▶ [Required action]: Range to copy from the entries below: the line containing "The other thing" through the line containing "Barbell Guillotine Chest", inclusive. Retype only those lines, exactly, without any images.

▶ [Entries shown]:
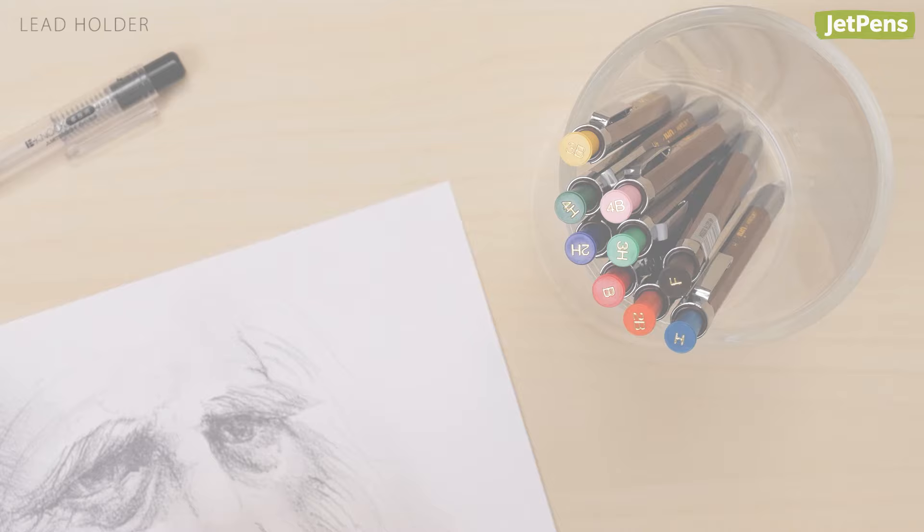Are there any burning pen and pencil questions you'd like us to answer? Leave them in the comments below. You can shop all of the items mentioned at JetPens.com.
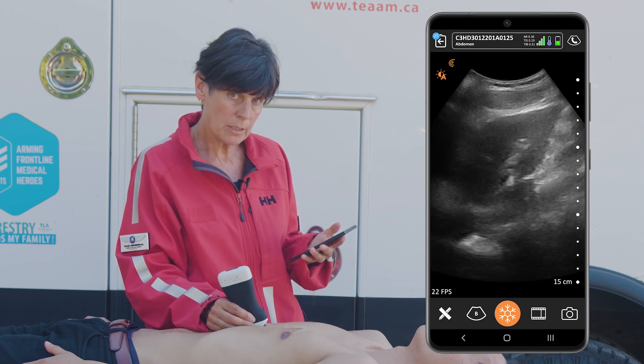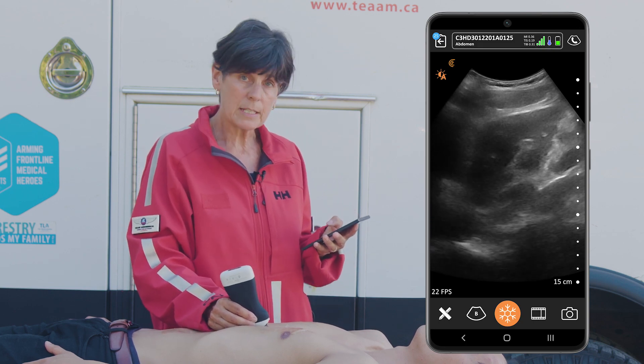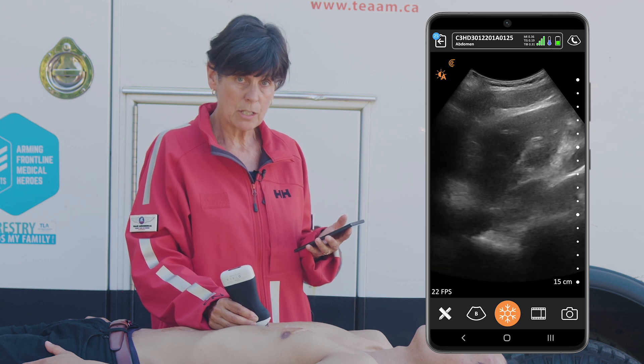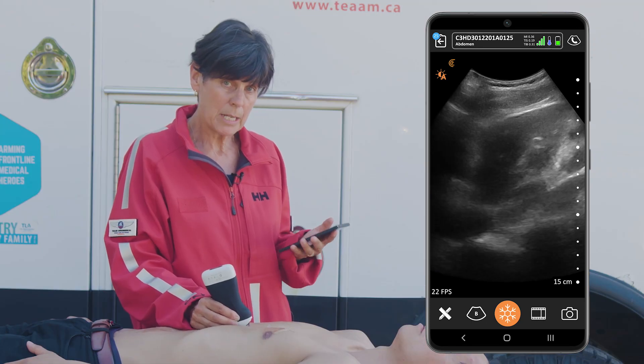The other thing we want to look for is respiratory variation. When the patient's breathing, we should see the IVC collapse. If it doesn't collapse, that's an indication of increased right-sided heart pressure, and if it's flat, that means the patient needs fluids.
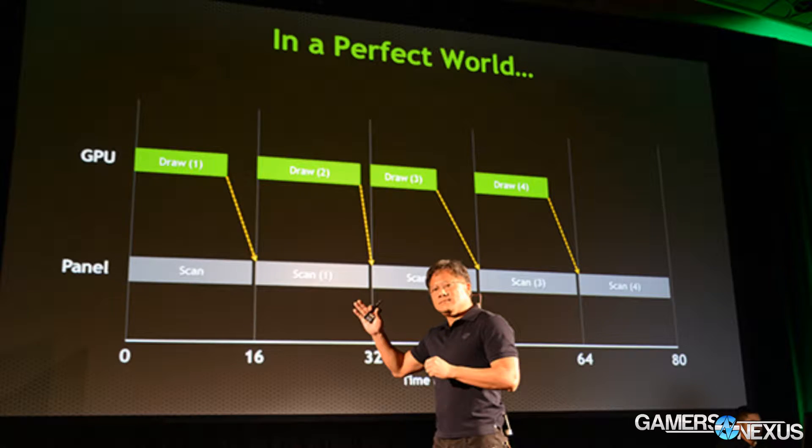So how does G-Sync work? Let's start with how traditional monitors work. On a 60 Hz refresh rate monitor, it is expecting 60 frames per second from the GPU consistently. However, GPUs in most modern games don't output at a constant frame rate. Frame rates vary — a simple scene can be rendered very quickly, but a complex scene might take longer, so frame rates vary a lot. When frame rates vary and the monitor is expecting a consistent frame rate, a few things happen.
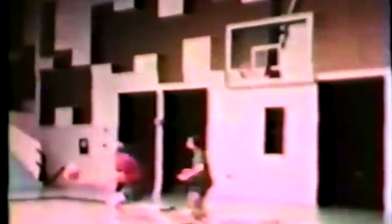Baseline pivot — drilling with defense, both sides of the lane. After pivot, if defense hesitates with hands apart or plays away, shoot. Emphasis is on the backboard. Emphasis is on: 1. Body balance. 2. Reading the defense. 3. Do I have a good shot?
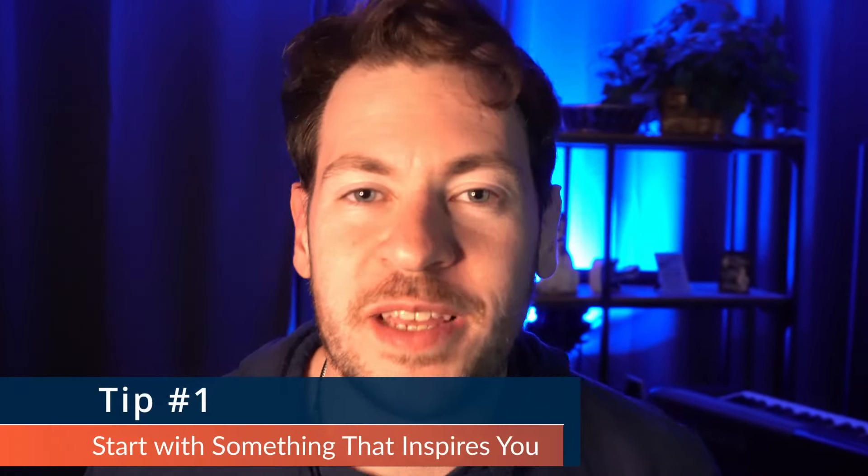We're talking about 15 practical tips for songwriters. Let's do it. Number one: start with something that inspires you.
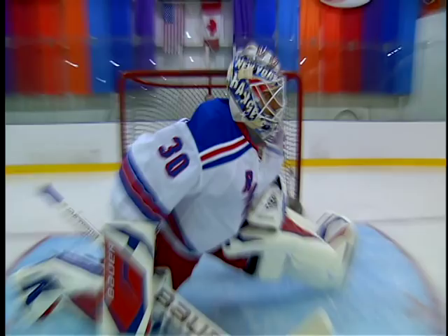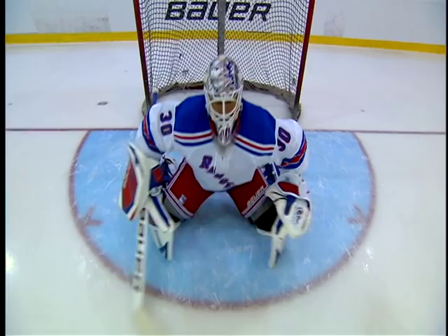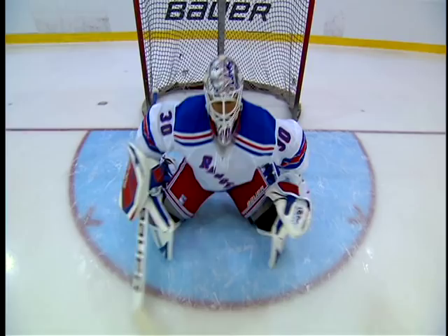I usually just go down and start with groins, maybe some backside, just stretch it out, get loose before I even think about taking any shots.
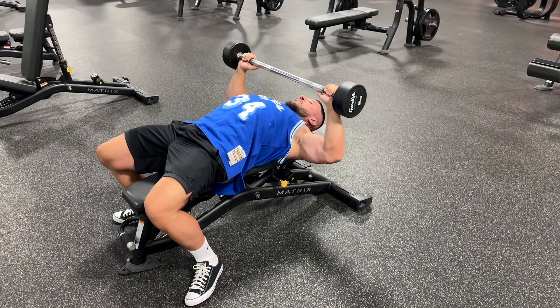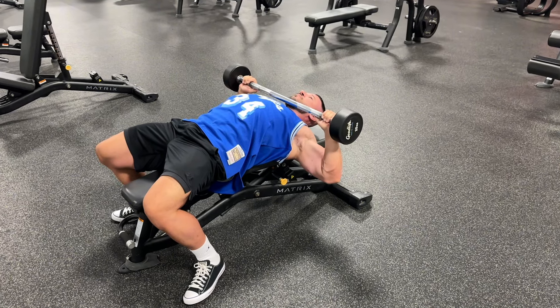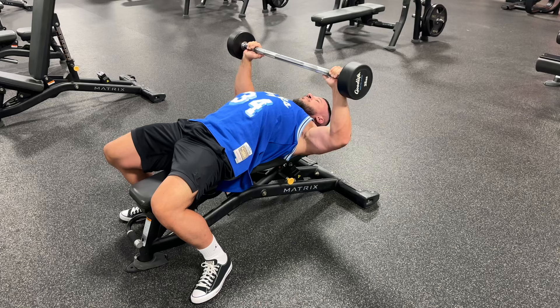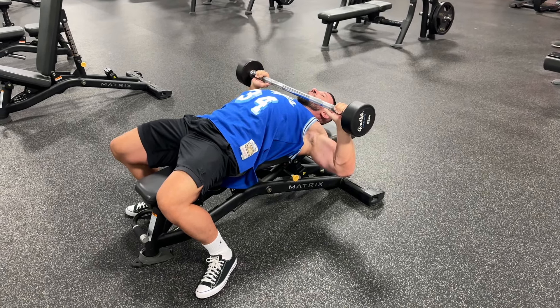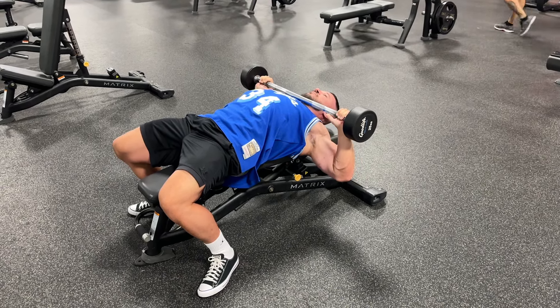Barbell Guillotine Chest Press is a really good old-school hypertrophy-focused exercise. When you lie back on the bench, squeeze the shoulders behind you, bring the bar right down to the very top of the chest, base of the neck area, and then when you push up, don't explode up — just press up with no acceleration like you're pushing underwater and keep that bar moving the whole time to build up continuous tension in the chest.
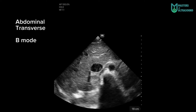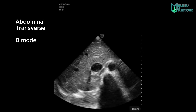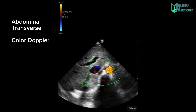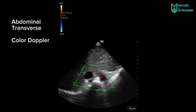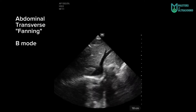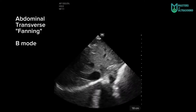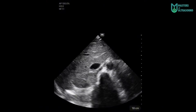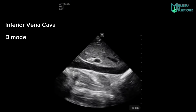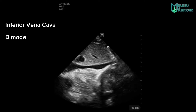Here is an abdominal transverse view. You can see the liver and the inferior vena cava, and the pulsatile aorta at the right, colored in red — not because of arterial blood but because of the flow direction. Here you can see a quick abdominal transverse fanning showing the suprahepatic veins and portal veins, and the collapse of the inferior vena cava in inspiration.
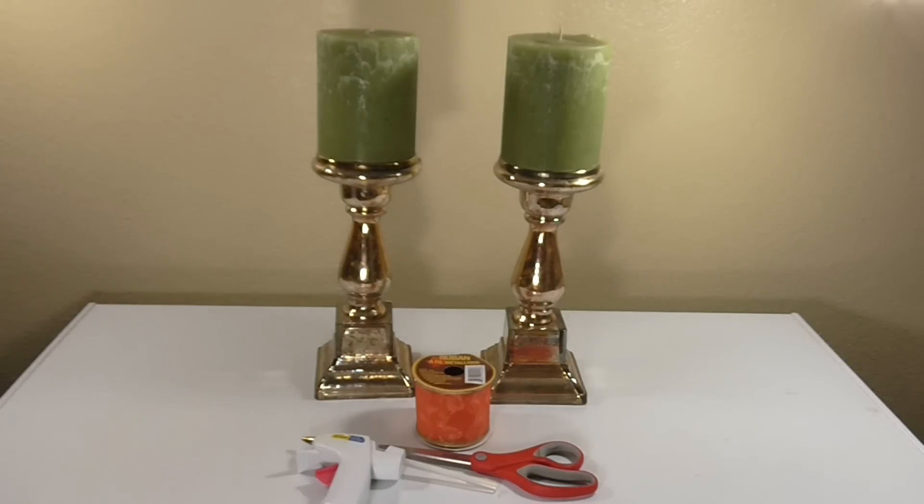Hey everyone, it's Ashley and I'm back with a quick DIY that I'm working on. I'm going to show you how I'm going to decorate the top of a dresser that I have in the living room. I use it for storage and I'm trying to make it look a little bit more festive and a little bit more fall.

▶ [Reply to the exercise]:
The other thing we want to look for is respiratory variation. When the patient's breathing, we should see the IVC collapse. If it doesn't collapse, that's an indication of increased right-sided heart pressure, and if it's flat, that means the patient needs fluids.
So how does G-Sync work? Let's start with how traditional monitors work. On a 60 Hz refresh rate monitor, it is expecting 60 frames per second from the GPU consistently. However, GPUs in most modern games don't output at a constant frame rate. Frame rates vary — a simple scene can be rendered very quickly, but a complex scene might take longer, so frame rates vary a lot. When frame rates vary and the monitor is expecting a consistent frame rate, a few things happen.
Baseline pivot — drilling with defense, both sides of the lane. After pivot, if defense hesitates with hands apart or plays away, shoot. Emphasis is on the backboard. Emphasis is on: 1. Body balance. 2. Reading the defense. 3. Do I have a good shot?
We're talking about 15 practical tips for songwriters. Let's do it. Number one: start with something that inspires you.
I usually just go down and start with groins, maybe some backside, just stretch it out, get loose before I even think about taking any shots.
Barbell Guillotine Chest Press is a really good old-school hypertrophy-focused exercise. When you lie back on the bench, squeeze the shoulders behind you, bring the bar right down to the very top of the chest, base of the neck area, and then when you push up, don't explode up — just press up with no acceleration like you're pushing underwater and keep that bar moving the whole time to build up continuous tension in the chest.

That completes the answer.